Construire, consciencieusement. Détruire, patiemment. Pour tout reconstruire, brillamment.
C’est ce que Weserbergland fait sur son nouvel album Am Ende Der Welt, qui est un de mes véritables coups de coeur du moment. J’étais déjà tombé amoureux de leur précédent opus, Sehr Kosmisch, Ganz Progisch, que j’écoute encore régulièrement d’ailleurs. Mais là, le groupe norvégien passe clairement à autre chose même si on reconnaît, de temps à autre, les artifices qui ont fait les glorieux jours de l’album qui le précède. Alors que Sehr Kosmisch, Ganz Progisch (traduisez « très cosmique, mais surtout prog ») était une ode à la musique progressive et cosmique (comme son nom l’indique…), son successeur explore les vastes contrées de la musique bruitiste, parfois difficile d’accès pour la plupart d’entre nous. Ici, je suis conquis.
Am Ende Der Welt est donc une expérience musicale incroyable. Il est à écouter dans d’excellentes conditions. Hors de question de cuisiner une salade de saison ou de préparer un risotto aux champignons pendant l’écoute, vous devrez y consacrer du temps pour que l’expérience soit gratifiante. Et c’est véritablement ça qui rend l’expérience particulièrement immersive et unique. Il s’agit d’un seul morceau de 42 minutes qui débute de manière gentillette, au gré de la berçeuse mélodique du violon qui absorbe sans efforts l’auditeur dès les premiers instants.

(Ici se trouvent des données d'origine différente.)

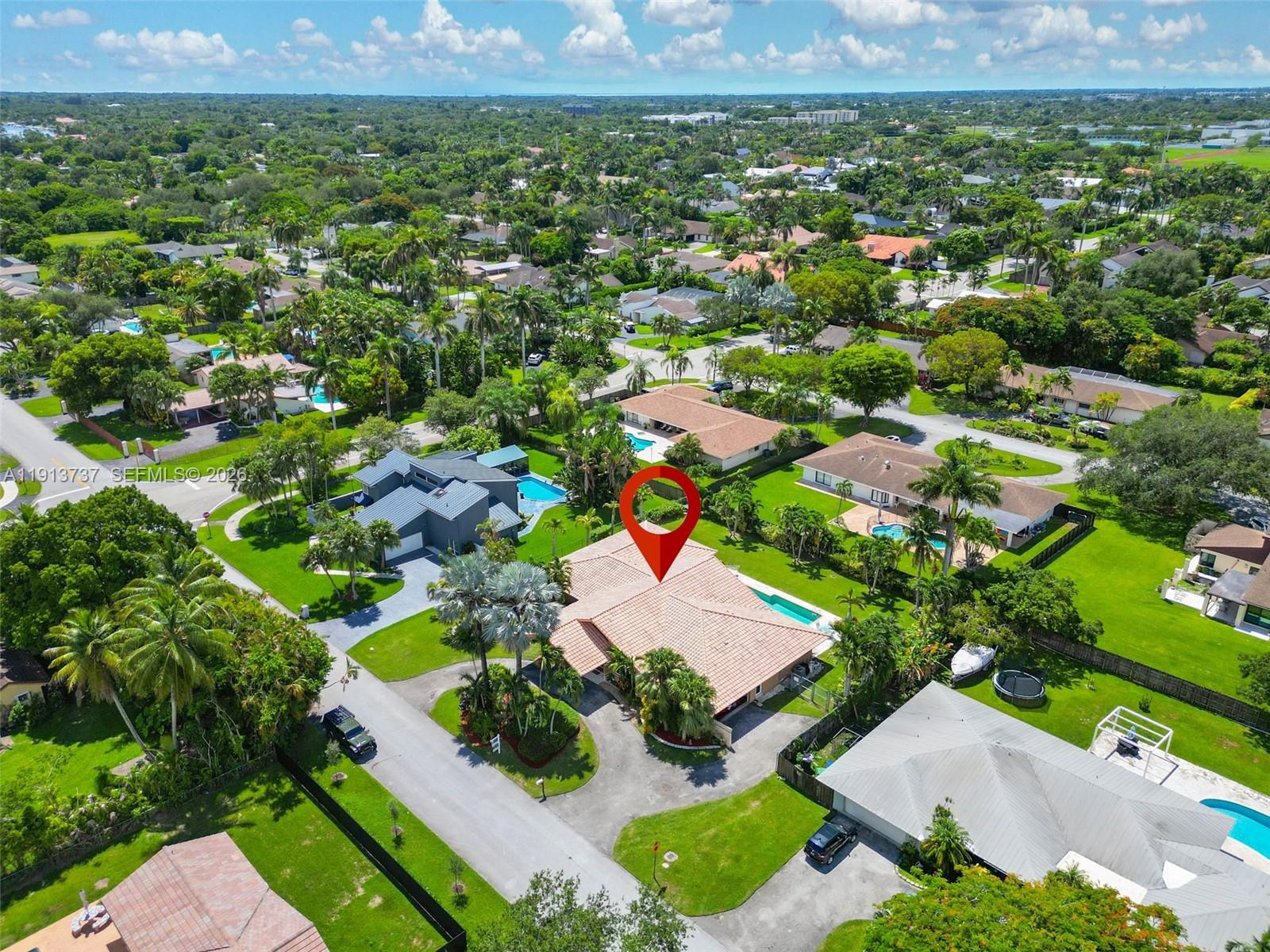 10220 Southwest 140th Street Miami, FL 33176 - Photo 50 of 53 an aerial view of residential houses with outdoor space and trees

C’est la construction dont je vous parlais.
Vient ensuite la phase de destruction, ou de déconstruction, qui s’amorce à partir de la quatrième minute environ. Cette phase durera quelques minutes pour nous proposer une avalanche de mélodies à la fois répétitives et cycliques, mais annonçant déjà des éléments de bruitisme parcimonieux. C’est dans ce passage qu’on reconnaît le Weserbergland d’avant, les sonorités ne trompent pas. Je suis déjà plongé dans la folie de ce disque. Une folie tout à fait poétique qui n’appartient qu’à eux.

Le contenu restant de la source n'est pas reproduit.